YOUR TASK: Below are the entries. Transcribe exactly the lines from the one with "580 Stuks Krimpkous" through the one with "Ramienka na šaty", ends included, and leave out all others.

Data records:
◇ ◇ ◇ ◇ ◇ ◇ ◇

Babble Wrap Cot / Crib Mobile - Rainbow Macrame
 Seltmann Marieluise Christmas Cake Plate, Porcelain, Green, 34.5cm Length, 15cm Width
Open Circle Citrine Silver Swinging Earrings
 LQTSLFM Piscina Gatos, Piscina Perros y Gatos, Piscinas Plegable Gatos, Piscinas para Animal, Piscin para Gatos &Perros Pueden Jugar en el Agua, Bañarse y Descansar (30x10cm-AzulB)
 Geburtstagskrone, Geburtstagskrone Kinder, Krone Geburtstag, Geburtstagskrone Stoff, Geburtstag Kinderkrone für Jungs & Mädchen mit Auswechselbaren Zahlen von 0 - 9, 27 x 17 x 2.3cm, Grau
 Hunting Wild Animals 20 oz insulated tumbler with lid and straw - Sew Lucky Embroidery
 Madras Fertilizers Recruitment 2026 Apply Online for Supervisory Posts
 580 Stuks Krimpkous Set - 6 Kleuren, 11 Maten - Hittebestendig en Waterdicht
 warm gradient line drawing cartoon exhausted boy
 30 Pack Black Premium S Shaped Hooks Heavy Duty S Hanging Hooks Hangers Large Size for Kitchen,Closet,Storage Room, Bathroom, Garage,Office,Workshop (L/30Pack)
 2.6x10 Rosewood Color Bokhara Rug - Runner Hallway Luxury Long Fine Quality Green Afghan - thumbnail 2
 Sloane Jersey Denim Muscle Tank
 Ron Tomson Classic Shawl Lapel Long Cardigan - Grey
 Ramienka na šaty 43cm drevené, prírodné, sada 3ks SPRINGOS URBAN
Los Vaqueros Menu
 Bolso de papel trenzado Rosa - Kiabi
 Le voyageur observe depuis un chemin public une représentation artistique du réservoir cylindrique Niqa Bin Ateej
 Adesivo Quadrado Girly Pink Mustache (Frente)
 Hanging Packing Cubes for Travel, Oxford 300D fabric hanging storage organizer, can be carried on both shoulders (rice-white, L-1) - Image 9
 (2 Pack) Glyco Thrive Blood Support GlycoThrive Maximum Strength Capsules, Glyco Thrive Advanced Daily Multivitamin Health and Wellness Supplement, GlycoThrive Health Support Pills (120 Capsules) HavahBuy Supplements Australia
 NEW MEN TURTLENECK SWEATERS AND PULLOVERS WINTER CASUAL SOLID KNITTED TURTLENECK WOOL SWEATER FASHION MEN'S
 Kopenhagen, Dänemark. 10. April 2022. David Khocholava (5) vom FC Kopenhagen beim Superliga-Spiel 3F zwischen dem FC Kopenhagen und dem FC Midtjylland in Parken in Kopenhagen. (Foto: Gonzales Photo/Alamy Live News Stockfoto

◇ ◇ ◇ ◇ ◇ ◇ ◇

OUTPUT FOR THIS EXERCISE:
 580 Stuks Krimpkous Set - 6 Kleuren, 11 Maten - Hittebestendig en Waterdicht
 warm gradient line drawing cartoon exhausted boy
 30 Pack Black Premium S Shaped Hooks Heavy Duty S Hanging Hooks Hangers Large Size for Kitchen,Closet,Storage Room, Bathroom, Garage,Office,Workshop (L/30Pack)
 2.6x10 Rosewood Color Bokhara Rug - Runner Hallway Luxury Long Fine Quality Green Afghan - thumbnail 2
 Sloane Jersey Denim Muscle Tank
 Ron Tomson Classic Shawl Lapel Long Cardigan - Grey
 Ramienka na šaty 43cm drevené, prírodné, sada 3ks SPRINGOS URBAN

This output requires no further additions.